|
|
|
|
|
by rbanffy
2181 days ago
|
|
> If I make a deploy that turns out to be buggy Unless your deploy reconfigures some networking component that makes a large part of your network inaccessible. Then you need to fix the network issue before you can rollback to a previous version. That may require someone driving up to a datacenter and logging into a racked server. And then you may need to restore data if the network misconfiguration caused data to be corrupted somehow (I admit this is getting a bit worst-possible-case-scenario) and, if the data got crossed - that one client could see data from another - you'll need to prevent access until you are sure everything is where it should be.

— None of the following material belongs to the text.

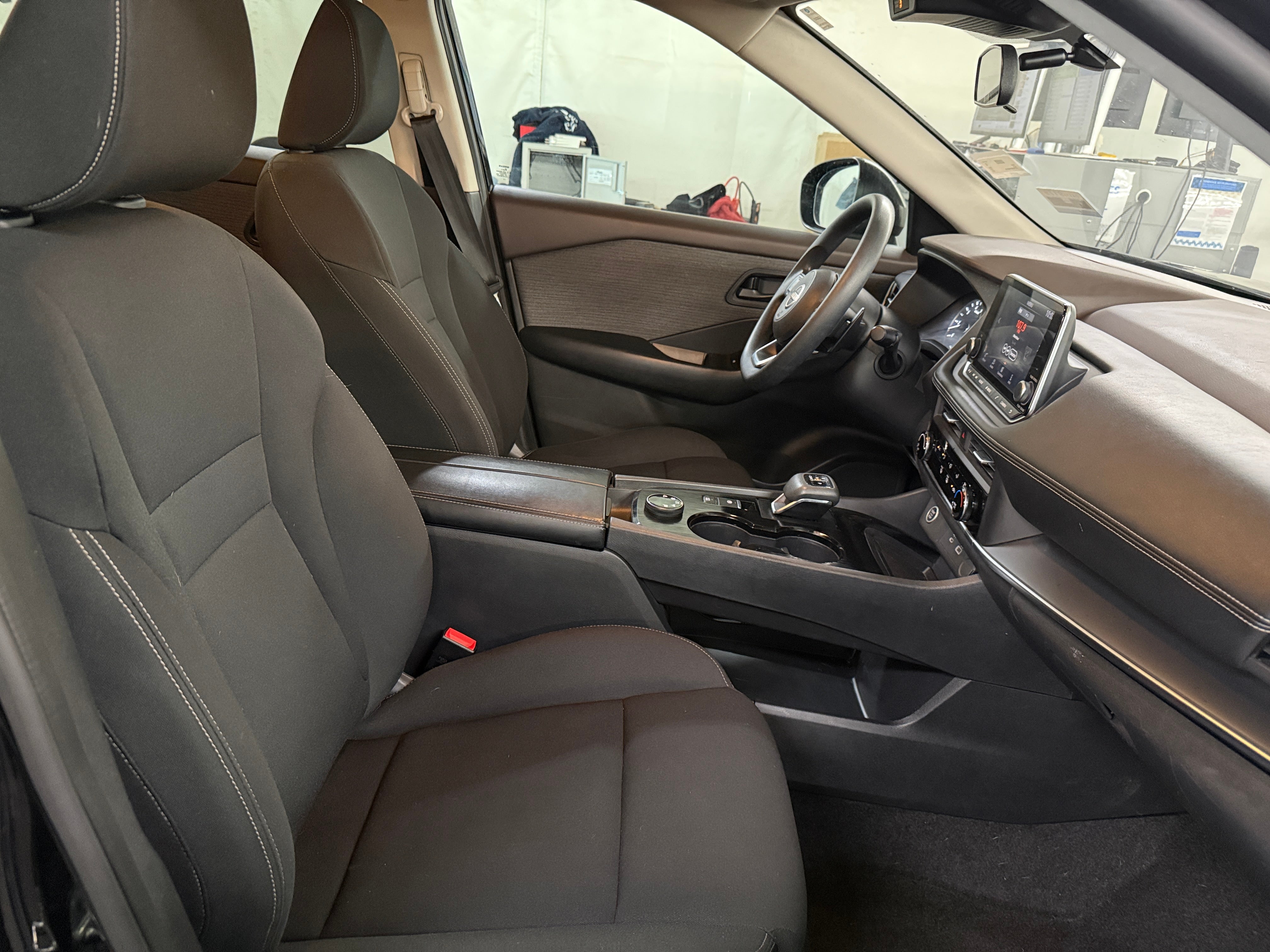 2023 Nissan Rogue S - Photo 2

Finally, depending on your scale, the deploy of a new version can take a long time by itself. People often deploy new features deactivated, then, when the whole fleet is updated, activate features to different groups and monitor for breaking behavior change. |
|
Even better - then they shouldn't even need to make another deploy, just flip the feature flag back off. And if you need to make network changes, then test those out behind a load balancer in parallel to the existing topology, so you can start routing more traffic to the new setup, but can stop doing so if any problems arise. I'm not saying any of this is trivial, but the point is, best practices exist to start deploying pretty much any kind of change in a way that can be undone in minutes or even seconds. When you have access to the resources and talent that Github has, then there's zero acceptable reasons why your site would ever be down or degraded for hours on end - zero.